MORTALITY PROTECTION INSURANCE POLICY
POLICY NUMBER:
In consideration of the Insurers receipt of the MPIC Premium, in reliance on the representations, warranties, acknowledgements and covenants of the Insured and the Additional Named Insured contained herein, and in accordance with and subject to the terms, conditions, limitations and exclusions contained herein, including the Declarations, Coverage Certificates and any exhibits, schedules, endorsements or other documents attached hereto or incorporated herein by reference (if applicable), which together shall constitute this Mortality Protection Insurance Policy (this Policy), _______________ (the Insurer), ________________ (the Insured or a Covered Entity) and _________________ (the Additional Named Insured or a Covered Entity and together with the Insured, the Covered Entities) agree as follows:
SECTION I. INSURING AGREEMENT AND LOSS CALCULATION
Subject to the terms and conditions of this Policy:
This Policy provides the coverage specified herein and in each Coverage Certificate and Amended Coverage Certificate issued by the Insurer to the Covered Entities during the Term of this Policy.
Subject to the conditions and limitations specified herein and in each Coverage Certificate and Amended Coverage Certificate issued by the Insurer to the Covered Entities during the Term of this Policy, if on any Anniversary Date during the Term, beginning on the second Anniversary Date, the sum of the Gross Cash Flows and the Recovery Principal are less than the sum of the Attachment Point (on such Anniversary Date as scheduled in the Coverage Certificate or Amended Coverage Certificate, as applicable) and the Cumulative Recovery Premium Paid, and a Covered Entity or the MPIC Servicer timely submits a related Proof of Claim to the Insurer, then the Insurer shall pay to the applicable Covered Entity which submitted such Proof of Claim, via electronic funds transfer to the Insureds Account, the Claim Amount on or before the related Payment Date; provided, however that, in the event a Claim Amount is payable in connection with the second Anniversary Date in excess of the product of (x) six percent (6.0%) and (y) the cumulative Death Benefits of all Covered Policies, the Claim Amount payable on such Payment Date shall be reduced by the amount of such excess and such excess shall not be due and payable until the third Anniversary Date of the Policy. In no event shall any Claim Amount be due or payable prior to the second Anniversary Date of the Policy nor any Claim Amount be due or payable in relation to any loss or Proof of Claim submitted more than ninety (90) days after the last Anniversary Date that occurs during the Term.
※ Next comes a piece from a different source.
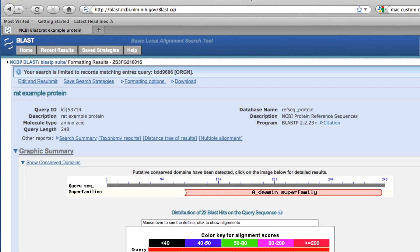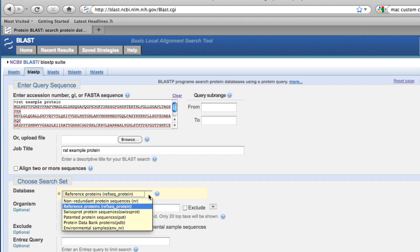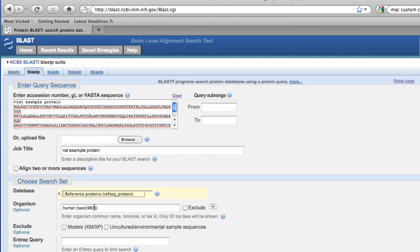The last thing I want to show is the edit and resubmit button. If you wanted to start over, the back button isn't necessarily conducive to saving your previous search. Edit and resubmit will take you back to the BLAST main page exactly where you started, and you can make any adjustments you would like to — for instance, changing the database, changing the sequence, or maybe changing your output organism.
On any Anniversary Date, in the event that any death benefit of one or more Covered Policies has increased due to the provisions of a return of premium rider with respect to any of such Covered Policies (such increase, an ROP Increase), then the cumulative forecasted death benefits set forth on the related Coverage Certificate shall automatically be increased by such ROP Increase and such increase shall become effective upon payment to the Insurer of (I) an additional MPIC Premium (to the extent due and payable) in respect of such ROP Increase which shall be calculated as the amount of
such ROP Increase multiplied by two hundred basis points (two percent) and (II) an additional Commitment Fee (to the extent due and payable) in respect of such ROP Increase which shall be calculated as (A) if such Anniversary Date is on or prior to the third Anniversary Date, the amount of such ROP Increase multiplied by one hundred basis points (one percent), which shall be due and payable (x) if there is a Payment Date related to the third Anniversary Date, on such Payment Date otherwise (y) on the date that is ninety (90) days after the third Anniversary Date and (B) if such Anniversary Date is after the third Anniversary Date, the amount of such ROP Increase multiplied by one hundred basis points (one percent).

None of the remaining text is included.